トランプ来日に同行したベクテル代表が描く、日米AI・エネルギー巨額インフラ構想

 10月にトランプ大統領が来日した際に同行してきた人物がいる。米建設大手ベクテル(Bechtel)の代表、ブレンダン・ベクテル会長兼CEOだ。彼の主な来日目的は、日米間の巨額投資・インフラ協力に関する合意への署名と、具体的なプロジェクトの推進にある。

 とくに、来日時には日本の高市早苗首相とトランプ大統領の会談に合わせて、非常に具体的な経済協力案が示された。主な内容は以下の通りだ。

1. AI・エネルギーインフラ構築への協力

 ベクテルは米商務省との間で、日本の対米投資(総額5,500億ドル規模の約束の一部)を支えるための覚書(MoU)を締結した。

• 目的: 次世代AI(人工知能)の稼働に不可欠なデータセンターや、それを支える電力インフラ(発電所、送電網、変電所)の設計・建設を担うためだ。
• ベクテル氏のコメント: 「テクノロジーのリーダーシップは、インフラのリーダーシップから始まる」と述べ、AIインフラの基盤整備における同社の役割を強調した。

2. 原子炉の廃炉・エネルギー分野での連携

 過去のトランプ政権下での来日を含め、ベクテルは日本の原子力発電所の廃炉市場への参入や、除染技術の提供にも強い関心をもっている。

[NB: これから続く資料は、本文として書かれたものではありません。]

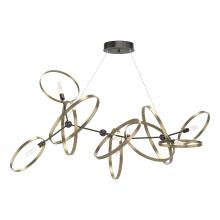 Hubbardton Forge 138920-SKT-STND-14-84 - Celesse Pendant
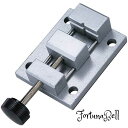 新潟精機 SK ミニチュアバイス 固定穴付 S-2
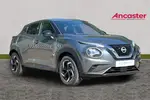 2023 Nissan Juke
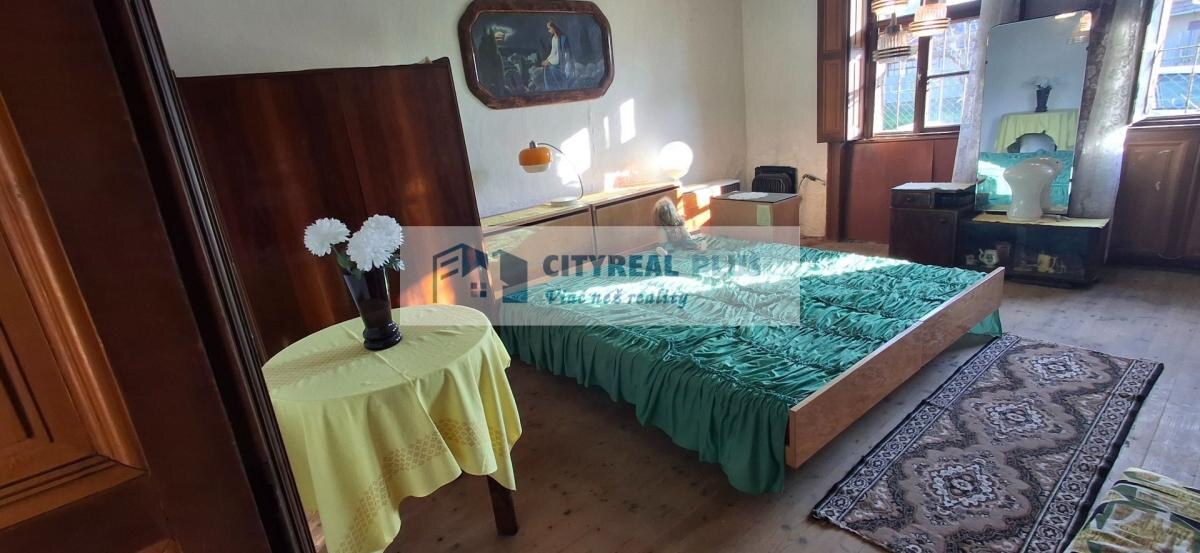 ZNÍŽENÁ CENA! Ponúkame na predaj sedliacky dom v Tvrdošovciach — foto 10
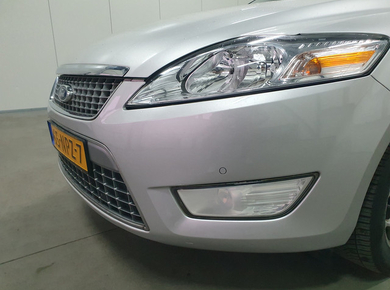 Ford Mondeo Wagon 2.0-16V Limited NAVI/TRHAAK/PDC/CRUISE/CLIMA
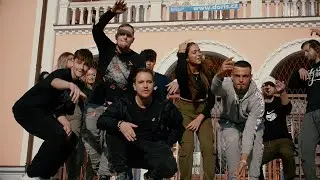 O.G.DARN feat. CALL! - NESMÍM SE ZMĚNIT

• 米政府は、米国企業が日本の廃炉ビジネスに透明性をもって参入できるよう日本側に働きかけており、ベクテルはその筆頭候補として、政府高官や電力会社との協議を行っている。

3. 日本企業との共同プロジェクト

 10月の来日では、日本企業(三菱電機や富士倉など)が供給する機器や技術を用い、ベクテルが米国での施工・エンジニアリングを担当するといった日米共同のサプライチェーン構築も目的の1つだった。

まとめると:
 ベクテル代表の来日は、単なる表敬訪問ではなく、「日本の資金と技術、米国の建設・管理能力を組み合わせて、米国内に巨大なAI・エネルギーインフラをつくる」という日米経済協力の具体化と、自社の受注確定が最大の目的だ。